Téhéran n’hésite pas aujourd’hui à se présenter comme une garantie pour la présence russe au Levant : selon Velayati, si l’Iran quitte la Syrie aujourd’hui, c’est, demain, de la Russie dont on exigera le départ. En guise de mesure de « réassurance », Vladimir Poutine lui a annoncé que Moscou entendait investir jusqu’à 50 milliards de dollars dans le secteur du gaz et du pétrole en Iran dans les années à venir. Rappelons en outre que RZD – la société russe des chemins de fer – a commencé l’électrification de 500 km de voie ferrée dans le Nord de l’Iran (entre Garmsar et Incheh Burun), en vertu d'un contrat signé en mars 2017 (pour un coût d’1 milliard d’euros) et que Technopromexport doit construire d’ici à l’année 2021 la station thermique de Sirik (1,2 milliard d’euros). Par ailleurs, le volume du commerce bilatéral russo-iranien a crû de 18% au premier trimestre 2018, par rapport au premier trimestre de l’année précédente. Il s’agit là de signaux encourageants pour le gouvernement iranien. Après avoir promis à sa population des retombées positives sur le plan économique suite à la signature de l’accord sur le nucléaire en 2015 (JCPOA), le gouvernement Rohani se retrouve aujourd’hui en porte-à-faux après la décision de Donald Trump de sortir les États-Unis du JCPOA. La République islamique fait ainsi face depuis le début de l’été à une vague de contestations socio-économiques qui a conduit à des centaines d’arrestations. Avec le tarissement des investissements européens, l’activité économique de la Russie dans la République islamique, toute modeste qu’elle soit (1,7 milliard de dollars d’échange en 2017 ; 2,3 milliards de dollars en moyenne par an sur les dix dernières années) reste en effet cruciale pour Téhéran. Rebondissant sur l’annonce des 50 milliards de dollars, le ministre russe de l’Énergie Alexandre Novak n’a cependant pas exclu qu’une partie de ces investissements soient en fait réalisés sous la forme d’échanges de type « pétrole contre biens manufacturés » (ou « oil for goods »). Il s’agit d’une formule que l’Iran connait bien et à laquelle le pays, sous sanctions internationales, a dû se résoudre à adhérer par le passé. Téhéran estime en effet qu’il s’agit là d’un commerce peu glorieux, qui en tout cas ne sied pas à son statut revendiqué de puissance millénaire portant des ambitions régionales.

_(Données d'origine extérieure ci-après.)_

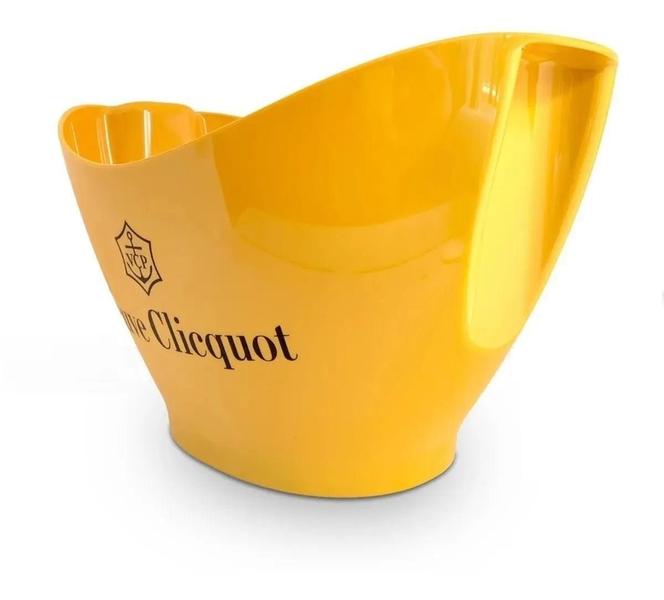 Imagem de Kit Champanheira Veuve Cliquot Acrílico + 12 Taças Espumante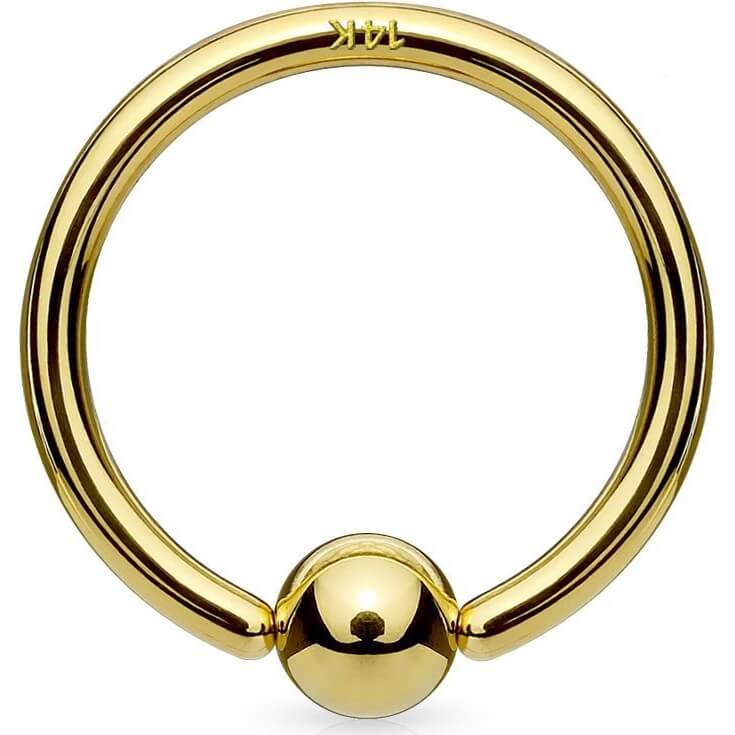 Oro 14 kt Anello Piercing Sfera oro Pieghevole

Côté israélien, on reste convaincu que Moscou dispose de puissants leviers pour faire fléchir la République islamique, à commencer par ses investissements concernant l’économie et l’énergie. Vu de Tel-Aviv, il n’appartient qu’à Moscou d’actionner ces manettes pour faciliter un retrait des forces iraniennes et pro-iraniennes déployées en Syrie. L’État hébreu, qui a de facto accepté la présence à moyen terme de Bachar al-Assad, se contenterait par ailleurs d’une réactualisation du « gentlemen’s agreement » qui prévalait avec Damas jusqu’à 2011 et qui a garanti la relative stabilité de la frontière syro-israélienne pendant quatre décennies. C’est précisément l’un des points sur lesquels Donald Trump et Vladimir Poutine se sont entendus à Helsinki : garantir la sécurité à la frontière de l’État hébreu, selon la ligne de 1974. Il serait toutefois illusoire de croire que l’Iran cèdera face à Washington : le régime iranien a beaucoup trop investi en Syrie depuis 2011, aussi bien financièrement que militairement et politiquement, pour s’en retirer abruptement, sous la pression israélo-américaine et sans contrepartie aucune. Un tel scénario reviendrait à une capitulation iranienne et ferait courir le risque de provoquer un séisme politique à Téhéran. Sous pression sur le plan intérieur et en proie à des sanctions américaines à partir du mois de novembre, l’Iran peut vraisemblablement s’attendre à une attrition de son activité à travers le Moyen-Orient en général, et en particulier en Syrie.